The California Assembly passed a bill late Thursday to raise $52 billion in taxes to repair roads and bridges in the state. The bill will head to Democratic Gov. Jerry Brown who is expected to sign it.

While the Assembly voted 54 to 26 supporting the bill SB1, the Senate passed it earlier in the night with 27 to 11 votes. Under the proposal, the government plans to raise $52 billion over 10 years. It would hike gas excise taxes by 43 percent, which is 12 cents per gallon, and diesel taxes from 16 cents per gallon to 36 cents.

"You know how bad our roads are, and the conditions have been made worse by our recent winter weather," Sen. Jim Beall, a San Jose Democrat, said Thursday, according to the Associated Press (AP).

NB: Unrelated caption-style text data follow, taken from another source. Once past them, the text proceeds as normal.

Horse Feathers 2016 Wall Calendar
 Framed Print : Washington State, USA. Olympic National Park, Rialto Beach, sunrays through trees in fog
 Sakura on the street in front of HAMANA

If signed into law, drivers will have to dole out an annual fee — ranging from $25 to $175 — with their vehicle registration. These fees and taxes would increase every year with inflation.

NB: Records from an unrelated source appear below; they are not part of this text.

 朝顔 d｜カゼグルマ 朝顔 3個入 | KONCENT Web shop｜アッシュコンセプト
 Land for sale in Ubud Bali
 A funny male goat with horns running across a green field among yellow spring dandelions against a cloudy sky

In a bid to gain support from truckers, who are likely to face big spike in taxes, Brown and legislative members said they would limit future regulations on greenhouse gas emissions associated with commercial trucks, the AP reported. However, the move upset environmentalists who said it is likely to hinder regulations such as limitations on emissions at ports, warehouses and airports that indirectly affect truckers. Republicans also opposed the bill.

However, Sen. Anthony Cannella of Ceres was the only Republican to back the SB1 bill and Sen. Steve Glazer of Orinda was the only Democrat to oppose the legislation.

"My constituents have told me loud and clear that they want any new taxes to be spent more wisely and effectively," Glazer reportedly said.

According to Cannella, he supported the bill after the governor and Democratic leaders agreed to two of his requests. These were $400 million expenditure to expand a commuter train from San Jose to his Central Valley district and another $100 million to construct a parkway connecting the University of California, Merced to Highway 99.